__HOW TO COMPLETE THIS TASK__
Only the lines from the line with "Large Modern Wall" through the end of the records belong in your reply, copied exactly, with every picture left out.
(RECORD EXTRACTS)
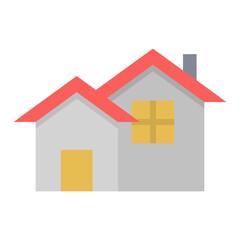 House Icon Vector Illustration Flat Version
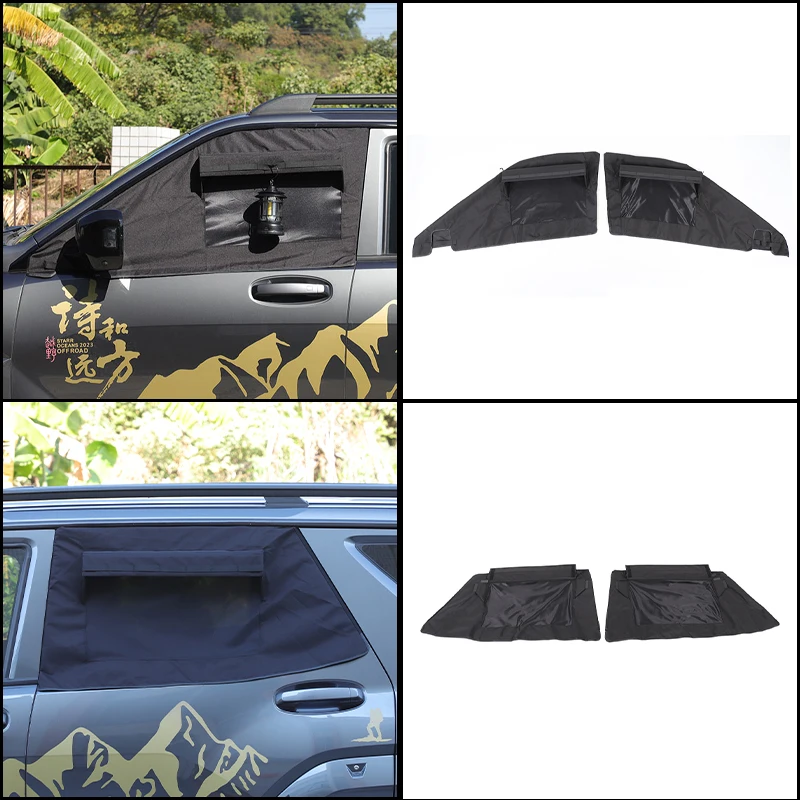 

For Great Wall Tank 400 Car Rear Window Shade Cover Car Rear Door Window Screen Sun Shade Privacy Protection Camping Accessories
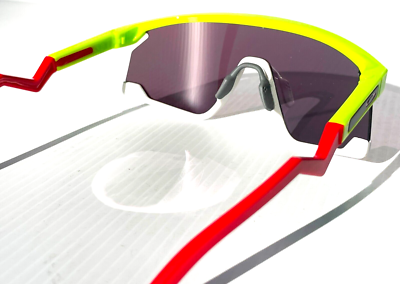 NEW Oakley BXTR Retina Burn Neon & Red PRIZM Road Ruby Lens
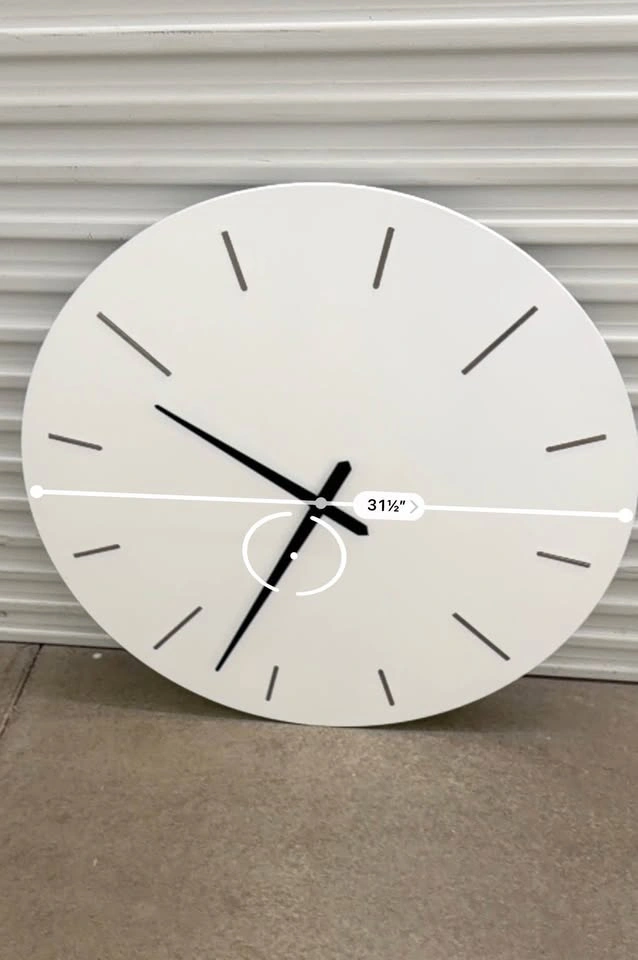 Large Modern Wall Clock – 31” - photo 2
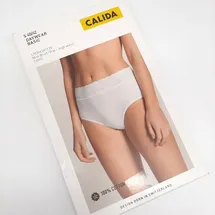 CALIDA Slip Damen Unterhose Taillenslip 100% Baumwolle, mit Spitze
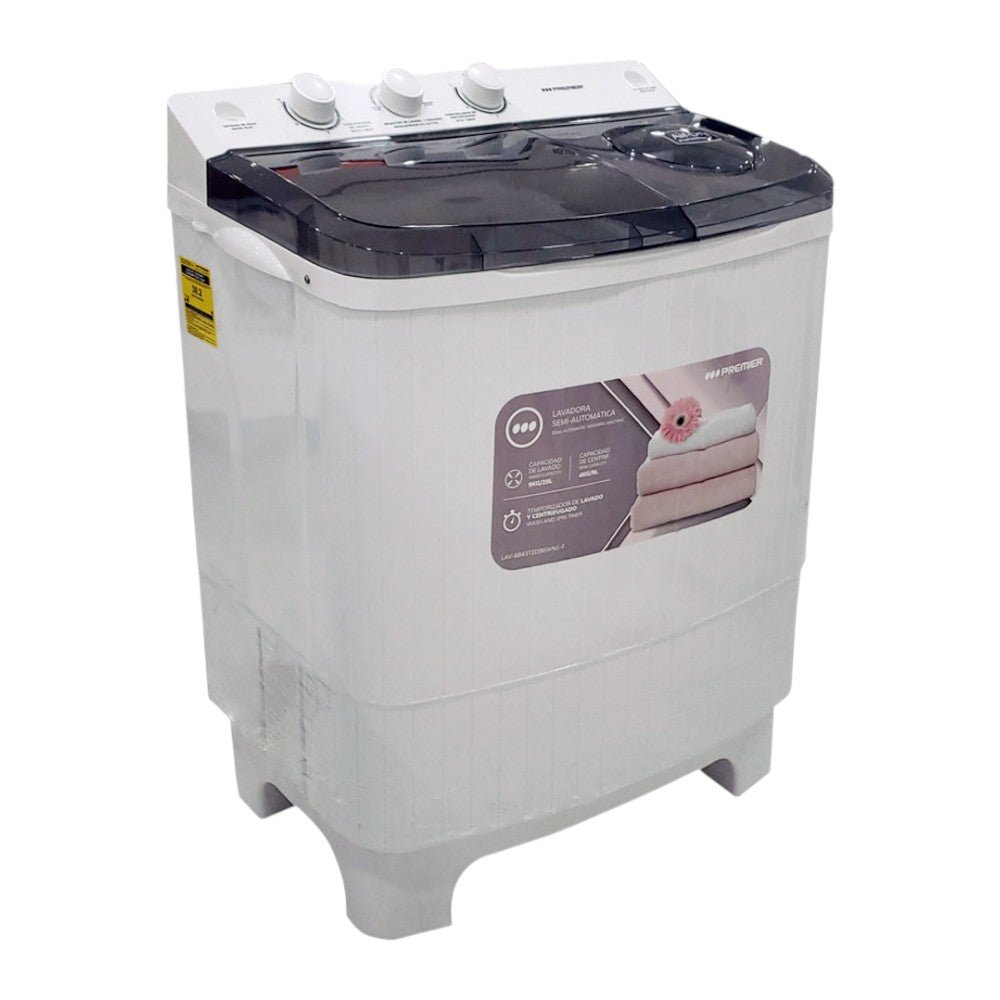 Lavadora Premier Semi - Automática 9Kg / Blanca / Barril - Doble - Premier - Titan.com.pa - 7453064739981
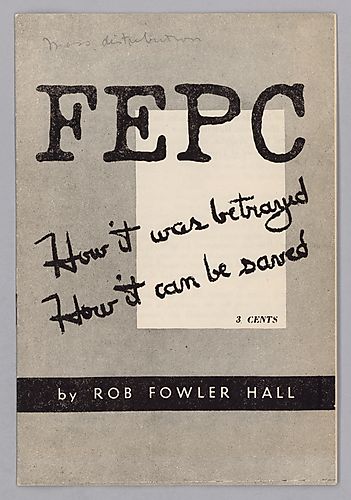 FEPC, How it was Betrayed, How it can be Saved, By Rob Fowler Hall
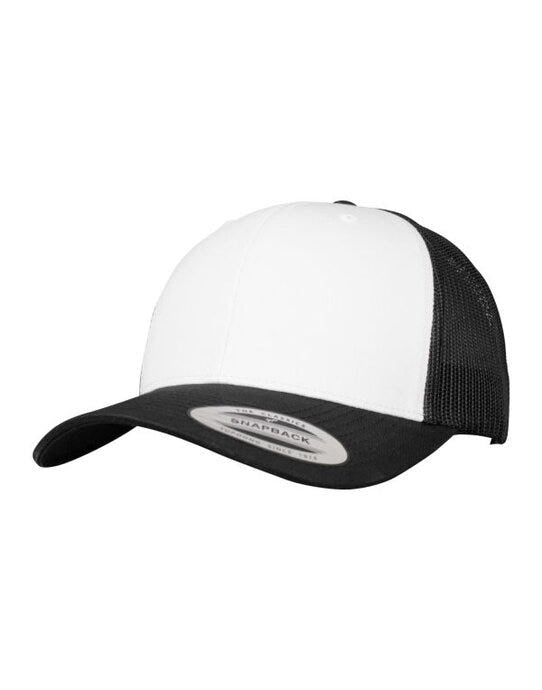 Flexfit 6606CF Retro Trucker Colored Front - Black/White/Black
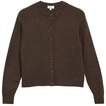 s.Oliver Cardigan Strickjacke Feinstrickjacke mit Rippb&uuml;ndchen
(End RECORD EXTRACTS)
__TASK RESPONSE__
 Large Modern Wall Clock – 31” - photo 2
 CALIDA Slip Damen Unterhose Taillenslip 100% Baumwolle, mit Spitze
 Lavadora Premier Semi - Automática 9Kg / Blanca / Barril - Doble - Premier - Titan.com.pa - 7453064739981
 FEPC, How it was Betrayed, How it can be Saved, By Rob Fowler Hall
 Flexfit 6606CF Retro Trucker Colored Front - Black/White/Black
 s.Oliver Cardigan Strickjacke Feinstrickjacke mit Rippb&uuml;ndchen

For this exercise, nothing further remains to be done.